So do you expect the driver/cfg80211 to take care of that or the
supplicant? I assumed wpa_supplicant would be doing that.

> - The new API leaves a lot to be desired in terms of race conditions.
> For example, how long should userspace wait for EAPoL-EAP packets to
> arrive (before triggering its own EAPoL-Start for example) if a
> CMD_ROAMED event comes?

I think that question applies to CMD_CONNECT as well, right? Not sure if
the specs provide any guidance for that. I can dive into that, but maybe
someone like Jouni or Johannes know. If so, let me know ;-)

> - What happens if userspace does send an EAPoL-Start in the middle of an
> offloaded 4-way handshake?

Probably those would be dropped.

Regards,
Arend

2019-01-14 21:19:00

by Denis Kenzior

[permalink] [raw]
Subject: Re: Kernel oops / WiFi connection failure with wpa_supplicant 2.7

Hi Arend,

On 01/14/2019 02:12 PM, Arend Van Spriel wrote:
> On 1/8/2019 6:44 PM, Denis Kenzior wrote:
>> Hi Arend,
>>
>>> However, there is more to it. When these offloads were introduced, we
>>> discussed about having a PORT_AUTHORIZED event or not. It was decided
>>> passing an attribute in CONNECT and ROAMED event would suffice and
>>> that is what was implemented in brcmfmac. However, it seems time
>>> passed and the need for an explicit PORT_AUTHORIZED was there
>>> (probably Denis knows), which wpa_supplicant now supports thus
>>> ignoring the attribute in the CONNECT and ROAMED events. The brcmfmac
>>> driver was not changed accordingly. For this there are patches
>>> pending in linux-wireless which are necessary to have a working
>>> connection.
>>>
>>
>> Coming in a bit late to this discussion, but it does raise a few
>> points I wouldn't mind some clarification on:
>>
>> - With commit 503c1fb98ba3, the kernel effectively changed the
>> userspace API.  So I take it that breaking userspace APIs are OK
>> sometimes?
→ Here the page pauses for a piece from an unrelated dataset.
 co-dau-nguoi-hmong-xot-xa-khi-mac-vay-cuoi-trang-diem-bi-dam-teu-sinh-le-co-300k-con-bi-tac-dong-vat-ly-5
If so, I have lots of suggestions to make ;)
>
> I bet you do :-p I think the rule of thumb is that there are no drivers
> providing the functionality behind the user-space API and/or no
> user-space applications are using that API.

Maybe this is a question for Johannes as well, but define 'user-space
applications'? If that includes wpa_s, wasn't the rule of thumb broken
with that commit?

>
>> - Is RTNL LINK_MODE / OPER_STATE status being (supposed to be?)
>> affected by the driver during a roam?  E.g. if we're in a 802.1X
>> network with userspace authentication, and driver roamed requiring a
>> new 802.1X auth, then in theory the RTNL mode needs to be brought back
>> out of UP state...
>
> So do you expect the driver/cfg80211 to take care of that or the
> supplicant? I assumed wpa_supplicant would be doing that.
>

With regular roaming where we trigger a Deassociate/Deathenticate
(either explicitly or implicitly) first, the interface goes into dormant
mode by virtue of the carrier going down.
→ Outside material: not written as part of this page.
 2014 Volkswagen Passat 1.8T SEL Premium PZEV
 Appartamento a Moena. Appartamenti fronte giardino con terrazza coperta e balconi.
With this it isn't really clear whether the same is happening and who
(kernel/userspace) should be doing what. I would actually assume the
kernel is/should be turning carrier off for the duration of the roam
operation?

>> - The new API leaves a lot to be desired in terms of race conditions.
>> For example, how long should userspace wait for EAPoL-EAP packets to
>> arrive (before triggering its own EAPoL-Start for example) if a
>> CMD_ROAMED event comes?
>
> I think that question applies to CMD_CONNECT as well, right? Not sure if
> the specs provide any guidance for that. I can dive into that, but maybe
> someone like Jouni or Johannes know. If so, let me know ;-)

With CMD_CONNECT it is a bit more clear because you're most likely not
specifying a PMKID for the first time, so you expect the authentication
to happen in all cases. If the AP doesn't respond after some small
timeout, the supplicant can send its own EAPoL-Start.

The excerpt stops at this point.